Prompt:
Images should not appear in the copy, yet every line of the listing below must be printed exactly.

Dataset excerpt:
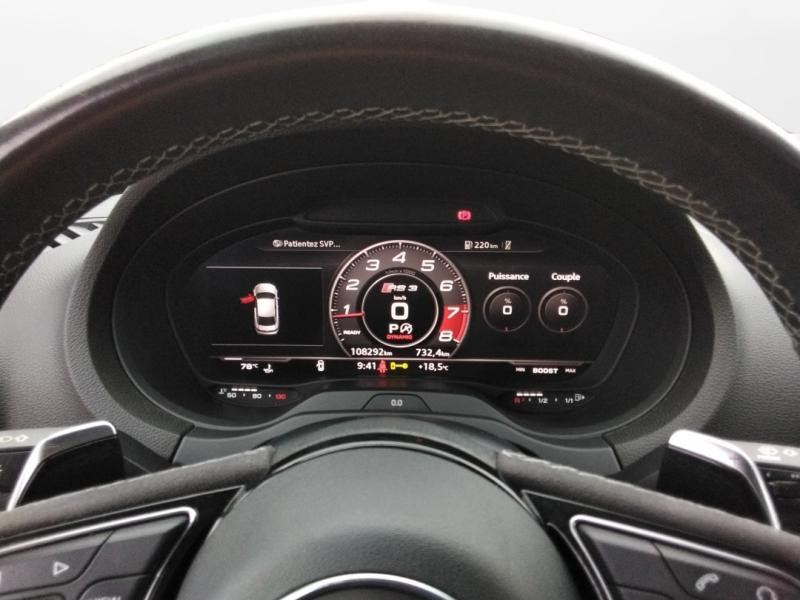 Used AUDI RS3 Berline 2.5 TFSI 400ch quattro S tronic 7 2017 Gris Daytona € 37990 in Lesménils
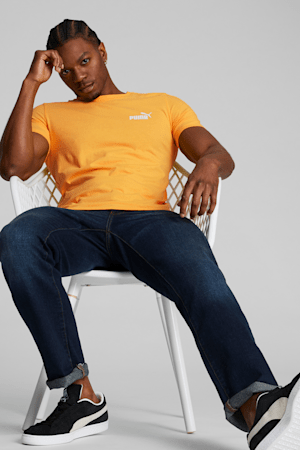 Sun Ray Circle Men's Tee, Mustard Seed, extralarge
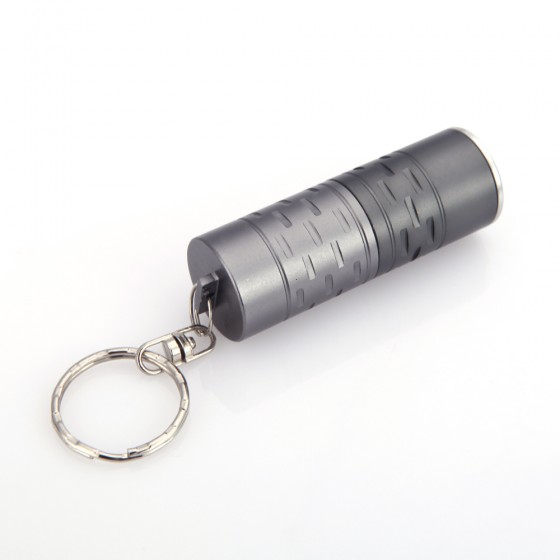 mini flashlight 3-mode xml-t6 led torch light 2000 lumens keychain flashlight use 16340/cr123 for night light camping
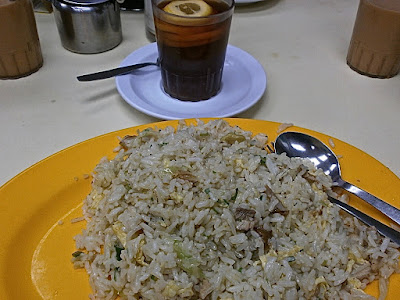 Ma Sa Restaurant (孖沙茶餐廳), salted fish chicken fried rice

Task result:
 Used AUDI RS3 Berline 2.5 TFSI 400ch quattro S tronic 7 2017 Gris Daytona € 37990 in Lesménils
 Sun Ray Circle Men's Tee, Mustard Seed, extralarge
 mini flashlight 3-mode xml-t6 led torch light 2000 lumens keychain flashlight use 16340/cr123 for night light camping
 Ma Sa Restaurant (孖沙茶餐廳), salted fish chicken fried rice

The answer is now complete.